Provided data |
□ □ □ □ □

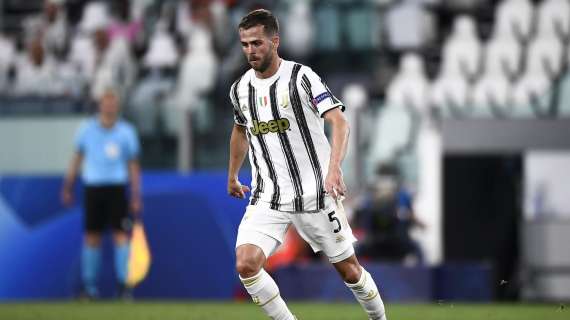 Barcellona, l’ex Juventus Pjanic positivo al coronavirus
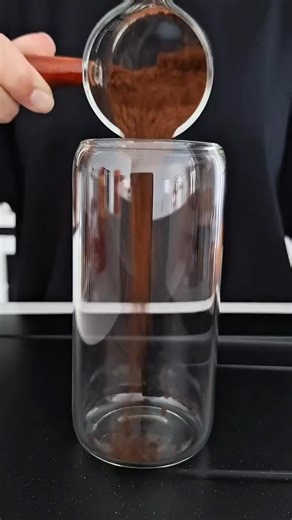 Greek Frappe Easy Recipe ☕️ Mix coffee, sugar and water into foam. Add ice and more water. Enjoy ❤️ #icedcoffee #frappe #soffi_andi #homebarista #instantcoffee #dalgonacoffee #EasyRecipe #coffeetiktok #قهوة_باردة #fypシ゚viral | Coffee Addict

□ □ □ □ □

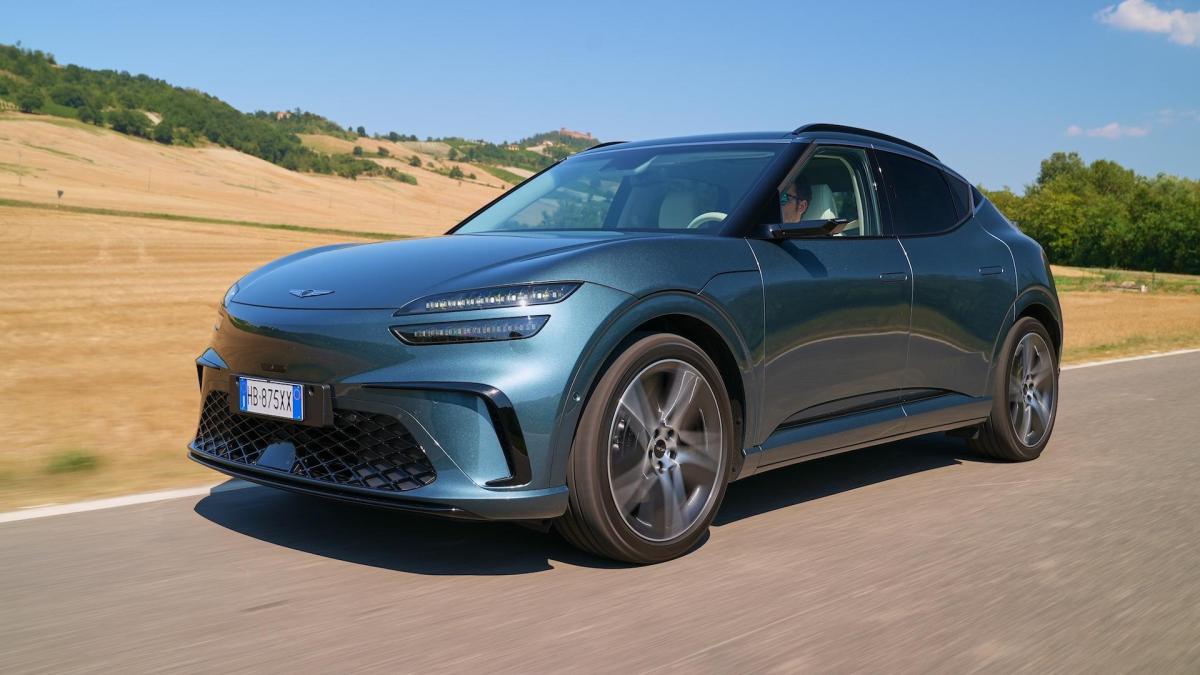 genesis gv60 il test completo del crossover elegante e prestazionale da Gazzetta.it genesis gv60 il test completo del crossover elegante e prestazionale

□ □ □ □ □

Exercise instructions | Above are the records; please give again, exactly and in full, only the lines that run from the line with "Barcellona, l’ex Juventus" through the line with "Greek Frappe Easy", with no pictures.

Answer for the task |
 Barcellona, l’ex Juventus Pjanic positivo al coronavirus
 Greek Frappe Easy Recipe ☕️ Mix coffee, sugar and water into foam. Add ice and more water. Enjoy ❤️ #icedcoffee #frappe #soffi_andi #homebarista #instantcoffee #dalgonacoffee #EasyRecipe #coffeetiktok #قهوة_باردة #fypシ゚viral | Coffee Addict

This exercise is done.